> **Entries shown**:
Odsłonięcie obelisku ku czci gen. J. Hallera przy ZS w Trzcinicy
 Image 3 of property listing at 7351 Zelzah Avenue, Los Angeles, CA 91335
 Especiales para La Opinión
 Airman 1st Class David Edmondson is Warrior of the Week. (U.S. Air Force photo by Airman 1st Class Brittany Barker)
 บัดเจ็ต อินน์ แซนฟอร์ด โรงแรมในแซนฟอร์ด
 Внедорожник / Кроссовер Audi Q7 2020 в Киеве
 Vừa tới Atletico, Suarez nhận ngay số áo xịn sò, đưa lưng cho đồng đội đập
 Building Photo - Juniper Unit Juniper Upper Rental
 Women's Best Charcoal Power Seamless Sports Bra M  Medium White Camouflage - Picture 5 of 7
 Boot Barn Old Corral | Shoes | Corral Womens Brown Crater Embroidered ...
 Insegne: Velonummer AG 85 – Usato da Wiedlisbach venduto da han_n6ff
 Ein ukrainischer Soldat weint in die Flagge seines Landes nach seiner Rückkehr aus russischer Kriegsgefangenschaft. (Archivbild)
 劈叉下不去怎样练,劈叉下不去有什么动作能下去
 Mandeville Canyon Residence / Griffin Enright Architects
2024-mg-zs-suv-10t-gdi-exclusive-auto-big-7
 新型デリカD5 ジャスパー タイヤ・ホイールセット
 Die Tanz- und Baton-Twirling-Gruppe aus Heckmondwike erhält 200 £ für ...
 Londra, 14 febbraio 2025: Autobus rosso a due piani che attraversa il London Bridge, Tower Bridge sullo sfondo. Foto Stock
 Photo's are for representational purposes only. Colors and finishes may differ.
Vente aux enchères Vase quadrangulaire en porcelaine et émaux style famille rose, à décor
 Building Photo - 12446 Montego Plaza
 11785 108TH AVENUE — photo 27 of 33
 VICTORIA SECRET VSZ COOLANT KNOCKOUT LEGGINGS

> **Task goal**:
Would you please set down the lines from the one with "Building Photo - 12446 Montego Plaza" to the end of the data above, exactly and without any other lines?

> **Written answer**:
 Building Photo - 12446 Montego Plaza
 11785 108TH AVENUE — photo 27 of 33
 VICTORIA SECRET VSZ COOLANT KNOCKOUT LEGGINGS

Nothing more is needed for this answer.